> **About this task**:
An exact transcription of all the data is required; the pictures are to be left out.

> **Material provided**:
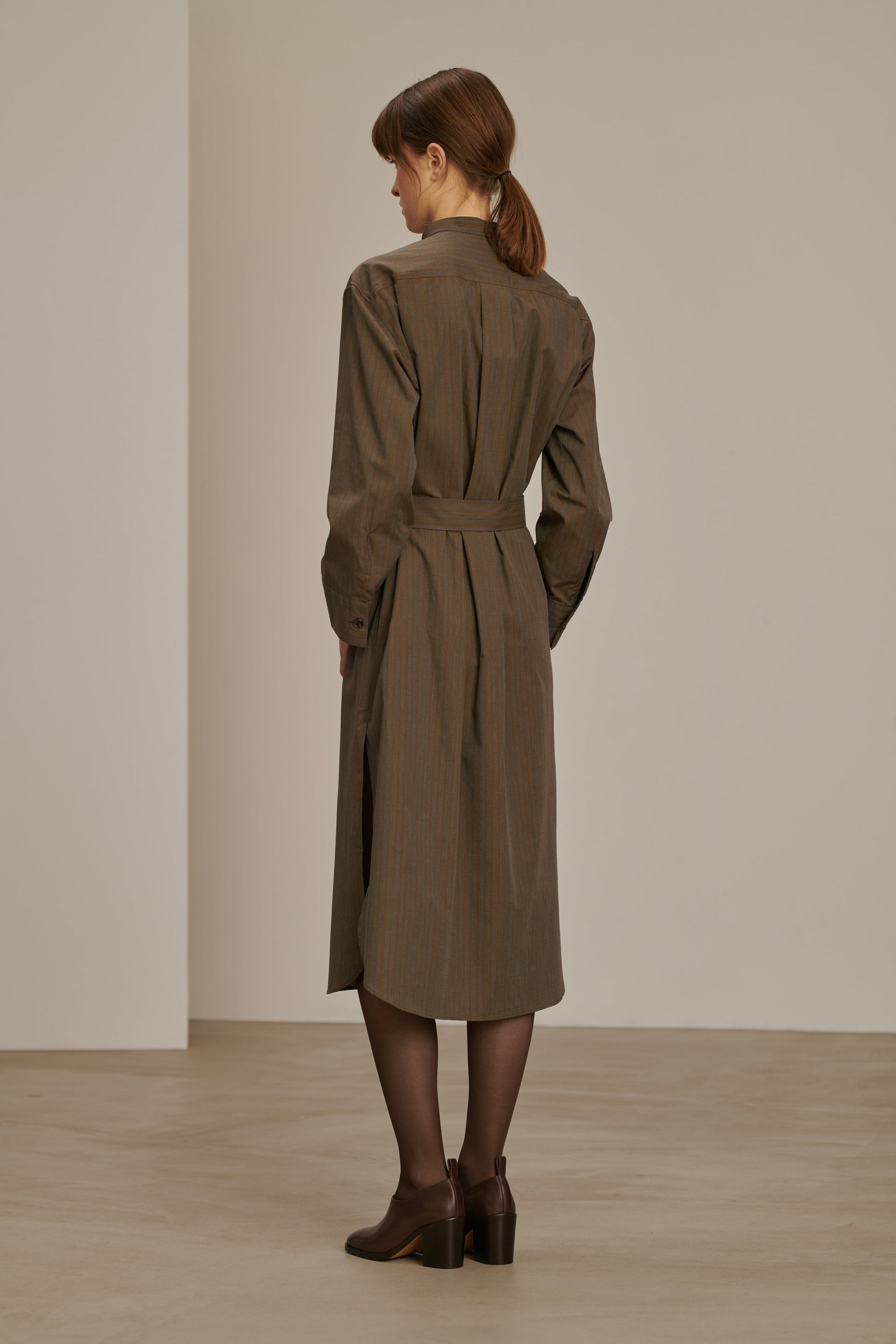 127 / NEW   ROBE CHAINE & TRAME AKIKO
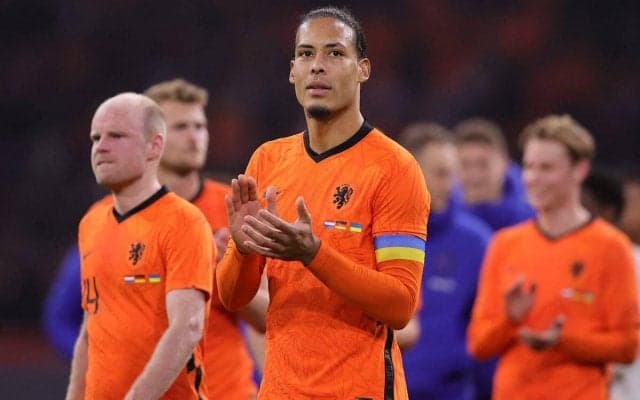 「テーブルクロス？」「最悪だ」2大会ぶり出場のオランダ代表のW杯ユニフォーム発表も特にアウェイが不評「アマチュアっぽい」「トレーニングシャツ？」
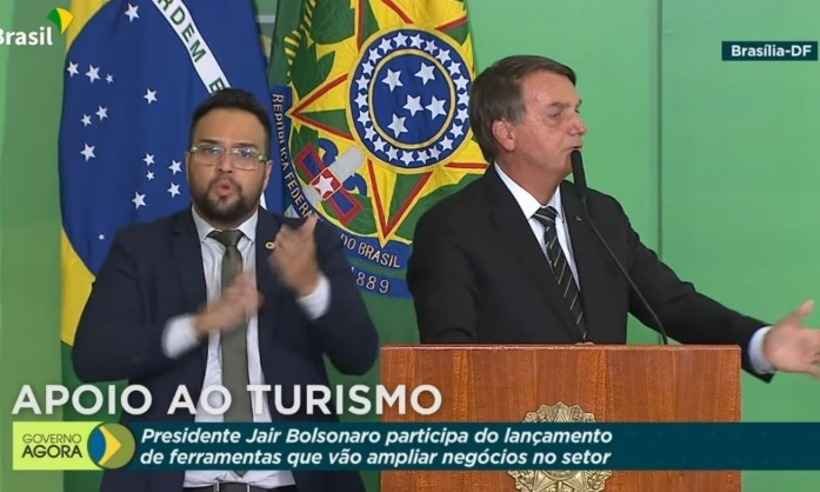 Bolsonaro fala sobre TCU e diz que cloroquina fez 'milagre no Brasil' - Tv Brasil/Reprodução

> **Output below**:
 127 / NEW   ROBE CHAINE & TRAME AKIKO
 「テーブルクロス？」「最悪だ」2大会ぶり出場のオランダ代表のW杯ユニフォーム発表も特にアウェイが不評「アマチュアっぽい」「トレーニングシャツ？」
 Bolsonaro fala sobre TCU e diz que cloroquina fez 'milagre no Brasil' - Tv Brasil/Reprodução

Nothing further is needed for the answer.